* **PROBLEM REQUIREMENTS**: Print exactly the lines below between the line holding "-财神日本料理(广州街总店)" and the line holding "كراج يسع سيارتين", inclusive, and nothing more.

* **INFORMATION SHOWN**:
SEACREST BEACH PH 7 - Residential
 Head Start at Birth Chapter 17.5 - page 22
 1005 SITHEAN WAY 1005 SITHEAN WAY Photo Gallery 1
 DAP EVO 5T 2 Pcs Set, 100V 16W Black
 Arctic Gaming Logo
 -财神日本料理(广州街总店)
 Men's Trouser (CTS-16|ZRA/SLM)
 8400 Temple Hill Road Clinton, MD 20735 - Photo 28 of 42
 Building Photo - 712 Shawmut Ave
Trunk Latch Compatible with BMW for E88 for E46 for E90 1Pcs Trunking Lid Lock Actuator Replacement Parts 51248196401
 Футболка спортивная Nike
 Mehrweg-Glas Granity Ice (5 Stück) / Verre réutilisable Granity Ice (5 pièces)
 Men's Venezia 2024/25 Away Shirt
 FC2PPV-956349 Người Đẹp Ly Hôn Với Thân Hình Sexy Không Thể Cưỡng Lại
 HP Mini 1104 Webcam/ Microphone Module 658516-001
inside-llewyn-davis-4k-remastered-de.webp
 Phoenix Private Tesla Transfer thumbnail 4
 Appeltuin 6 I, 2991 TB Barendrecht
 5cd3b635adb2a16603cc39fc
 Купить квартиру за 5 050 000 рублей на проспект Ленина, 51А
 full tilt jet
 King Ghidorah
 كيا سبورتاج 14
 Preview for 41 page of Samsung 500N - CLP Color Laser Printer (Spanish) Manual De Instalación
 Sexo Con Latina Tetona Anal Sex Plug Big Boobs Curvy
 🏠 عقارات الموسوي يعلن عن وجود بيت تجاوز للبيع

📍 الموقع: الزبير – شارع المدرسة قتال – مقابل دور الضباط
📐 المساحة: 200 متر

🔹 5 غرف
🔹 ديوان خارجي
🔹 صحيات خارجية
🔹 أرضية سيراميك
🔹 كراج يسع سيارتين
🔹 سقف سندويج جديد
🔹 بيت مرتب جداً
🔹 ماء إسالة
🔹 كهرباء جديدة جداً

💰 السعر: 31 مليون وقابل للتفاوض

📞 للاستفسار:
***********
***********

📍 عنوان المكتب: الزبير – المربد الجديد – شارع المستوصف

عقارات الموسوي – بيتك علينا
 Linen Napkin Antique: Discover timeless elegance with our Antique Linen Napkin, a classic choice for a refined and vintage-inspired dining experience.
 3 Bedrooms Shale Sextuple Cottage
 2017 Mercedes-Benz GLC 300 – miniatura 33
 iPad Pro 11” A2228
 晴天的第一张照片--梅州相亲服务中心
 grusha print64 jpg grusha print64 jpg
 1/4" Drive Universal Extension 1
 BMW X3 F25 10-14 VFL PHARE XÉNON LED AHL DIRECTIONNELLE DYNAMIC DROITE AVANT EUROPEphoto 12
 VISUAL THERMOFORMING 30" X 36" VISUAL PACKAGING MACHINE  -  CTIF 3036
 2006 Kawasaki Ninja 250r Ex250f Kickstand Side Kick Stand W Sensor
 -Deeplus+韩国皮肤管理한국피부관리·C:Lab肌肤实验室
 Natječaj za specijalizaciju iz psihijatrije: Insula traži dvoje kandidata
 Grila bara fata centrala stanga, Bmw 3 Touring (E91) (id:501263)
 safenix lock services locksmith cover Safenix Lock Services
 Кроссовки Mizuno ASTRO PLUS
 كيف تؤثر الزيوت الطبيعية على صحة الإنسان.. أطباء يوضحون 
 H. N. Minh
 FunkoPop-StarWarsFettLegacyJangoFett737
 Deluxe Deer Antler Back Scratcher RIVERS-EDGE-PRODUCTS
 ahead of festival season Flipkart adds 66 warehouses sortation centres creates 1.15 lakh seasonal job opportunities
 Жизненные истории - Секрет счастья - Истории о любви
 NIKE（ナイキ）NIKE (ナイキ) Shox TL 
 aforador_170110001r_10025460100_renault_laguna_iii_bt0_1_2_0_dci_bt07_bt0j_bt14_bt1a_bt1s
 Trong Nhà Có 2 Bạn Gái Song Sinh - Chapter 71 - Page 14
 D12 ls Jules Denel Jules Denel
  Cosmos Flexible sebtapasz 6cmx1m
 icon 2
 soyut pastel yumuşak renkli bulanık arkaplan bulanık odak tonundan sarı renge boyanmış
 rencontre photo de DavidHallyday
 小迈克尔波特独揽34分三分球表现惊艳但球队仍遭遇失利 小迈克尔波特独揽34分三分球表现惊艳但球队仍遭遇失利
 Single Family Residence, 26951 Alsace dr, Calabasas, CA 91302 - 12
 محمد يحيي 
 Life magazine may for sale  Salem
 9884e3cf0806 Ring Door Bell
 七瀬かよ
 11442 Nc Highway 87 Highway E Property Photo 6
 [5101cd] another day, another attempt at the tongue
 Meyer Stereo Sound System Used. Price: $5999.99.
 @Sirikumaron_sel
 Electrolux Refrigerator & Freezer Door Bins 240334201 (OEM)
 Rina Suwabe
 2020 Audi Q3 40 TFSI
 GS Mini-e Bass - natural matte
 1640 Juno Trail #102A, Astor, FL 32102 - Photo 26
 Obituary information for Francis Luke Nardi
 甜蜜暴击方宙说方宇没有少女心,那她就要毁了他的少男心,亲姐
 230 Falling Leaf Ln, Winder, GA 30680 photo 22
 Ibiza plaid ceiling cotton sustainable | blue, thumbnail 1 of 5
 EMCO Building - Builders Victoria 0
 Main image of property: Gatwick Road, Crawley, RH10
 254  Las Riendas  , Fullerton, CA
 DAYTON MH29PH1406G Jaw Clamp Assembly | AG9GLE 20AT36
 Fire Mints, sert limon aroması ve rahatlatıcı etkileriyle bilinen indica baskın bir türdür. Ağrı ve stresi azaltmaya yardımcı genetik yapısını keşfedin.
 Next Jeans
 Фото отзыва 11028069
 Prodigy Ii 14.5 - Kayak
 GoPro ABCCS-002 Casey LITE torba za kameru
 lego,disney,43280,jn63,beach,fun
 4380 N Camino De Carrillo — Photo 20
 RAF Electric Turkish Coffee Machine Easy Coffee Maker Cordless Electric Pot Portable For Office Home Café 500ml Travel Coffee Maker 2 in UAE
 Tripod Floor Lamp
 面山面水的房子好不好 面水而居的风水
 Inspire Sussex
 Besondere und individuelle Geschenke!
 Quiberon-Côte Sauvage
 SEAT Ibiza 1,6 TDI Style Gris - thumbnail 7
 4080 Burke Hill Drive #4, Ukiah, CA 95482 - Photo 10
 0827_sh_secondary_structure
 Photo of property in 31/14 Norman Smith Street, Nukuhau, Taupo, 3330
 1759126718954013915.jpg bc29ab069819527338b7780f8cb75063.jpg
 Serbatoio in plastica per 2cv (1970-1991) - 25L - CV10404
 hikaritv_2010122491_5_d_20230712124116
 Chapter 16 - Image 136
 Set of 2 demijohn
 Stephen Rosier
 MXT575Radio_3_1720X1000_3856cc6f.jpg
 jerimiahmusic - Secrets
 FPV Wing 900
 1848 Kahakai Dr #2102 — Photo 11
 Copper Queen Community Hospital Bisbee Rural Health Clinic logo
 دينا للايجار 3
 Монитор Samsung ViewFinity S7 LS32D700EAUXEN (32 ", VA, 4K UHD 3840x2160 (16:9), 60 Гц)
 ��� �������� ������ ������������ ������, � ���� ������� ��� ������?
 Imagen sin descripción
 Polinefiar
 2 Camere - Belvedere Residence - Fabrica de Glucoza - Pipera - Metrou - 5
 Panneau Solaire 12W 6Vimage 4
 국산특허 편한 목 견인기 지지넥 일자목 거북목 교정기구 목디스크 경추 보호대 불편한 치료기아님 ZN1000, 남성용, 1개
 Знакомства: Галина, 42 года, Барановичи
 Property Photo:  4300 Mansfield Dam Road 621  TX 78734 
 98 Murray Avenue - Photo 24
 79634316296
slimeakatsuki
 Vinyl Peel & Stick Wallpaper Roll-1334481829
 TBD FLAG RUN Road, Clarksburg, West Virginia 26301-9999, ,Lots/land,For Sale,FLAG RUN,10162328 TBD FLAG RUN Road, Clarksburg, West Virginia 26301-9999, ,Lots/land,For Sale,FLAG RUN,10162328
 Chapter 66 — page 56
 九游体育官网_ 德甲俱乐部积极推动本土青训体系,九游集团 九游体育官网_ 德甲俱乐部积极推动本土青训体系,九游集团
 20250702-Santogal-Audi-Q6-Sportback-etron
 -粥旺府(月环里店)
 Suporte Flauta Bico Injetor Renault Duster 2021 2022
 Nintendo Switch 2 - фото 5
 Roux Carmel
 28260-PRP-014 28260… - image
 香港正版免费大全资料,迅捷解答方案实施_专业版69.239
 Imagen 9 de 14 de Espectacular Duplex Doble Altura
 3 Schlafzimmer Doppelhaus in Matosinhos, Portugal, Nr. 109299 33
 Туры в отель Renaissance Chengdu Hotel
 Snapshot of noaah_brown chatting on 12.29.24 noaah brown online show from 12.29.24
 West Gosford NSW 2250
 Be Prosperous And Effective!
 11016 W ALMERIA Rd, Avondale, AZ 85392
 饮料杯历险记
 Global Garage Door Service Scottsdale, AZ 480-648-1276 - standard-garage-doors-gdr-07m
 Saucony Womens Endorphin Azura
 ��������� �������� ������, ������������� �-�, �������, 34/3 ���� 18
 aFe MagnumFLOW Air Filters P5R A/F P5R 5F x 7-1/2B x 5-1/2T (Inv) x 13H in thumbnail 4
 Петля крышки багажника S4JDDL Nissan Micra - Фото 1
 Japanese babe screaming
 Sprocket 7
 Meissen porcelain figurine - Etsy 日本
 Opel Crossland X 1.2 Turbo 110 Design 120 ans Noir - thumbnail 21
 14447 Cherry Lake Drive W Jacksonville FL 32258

* **OUTPUT OF THE TASK**:
 -财神日本料理(广州街总店)
 Men's Trouser (CTS-16|ZRA/SLM)
 8400 Temple Hill Road Clinton, MD 20735 - Photo 28 of 42
 Building Photo - 712 Shawmut Ave
Trunk Latch Compatible with BMW for E88 for E46 for E90 1Pcs Trunking Lid Lock Actuator Replacement Parts 51248196401
 Футболка спортивная Nike
 Mehrweg-Glas Granity Ice (5 Stück) / Verre réutilisable Granity Ice (5 pièces)
 Men's Venezia 2024/25 Away Shirt
 FC2PPV-956349 Người Đẹp Ly Hôn Với Thân Hình Sexy Không Thể Cưỡng Lại
 HP Mini 1104 Webcam/ Microphone Module 658516-001
inside-llewyn-davis-4k-remastered-de.webp
 Phoenix Private Tesla Transfer thumbnail 4
 Appeltuin 6 I, 2991 TB Barendrecht
 5cd3b635adb2a16603cc39fc
 Купить квартиру за 5 050 000 рублей на проспект Ленина, 51А
 full tilt jet
 King Ghidorah
 كيا سبورتاج 14
 Preview for 41 page of Samsung 500N - CLP Color Laser Printer (Spanish) Manual De Instalación
 Sexo Con Latina Tetona Anal Sex Plug Big Boobs Curvy
 🏠 عقارات الموسوي يعلن عن وجود بيت تجاوز للبيع

📍 الموقع: الزبير – شارع المدرسة قتال – مقابل دور الضباط
📐 المساحة: 200 متر

🔹 5 غرف
🔹 ديوان خارجي
🔹 صحيات خارجية
🔹 أرضية سيراميك
🔹 كراج يسع سيارتين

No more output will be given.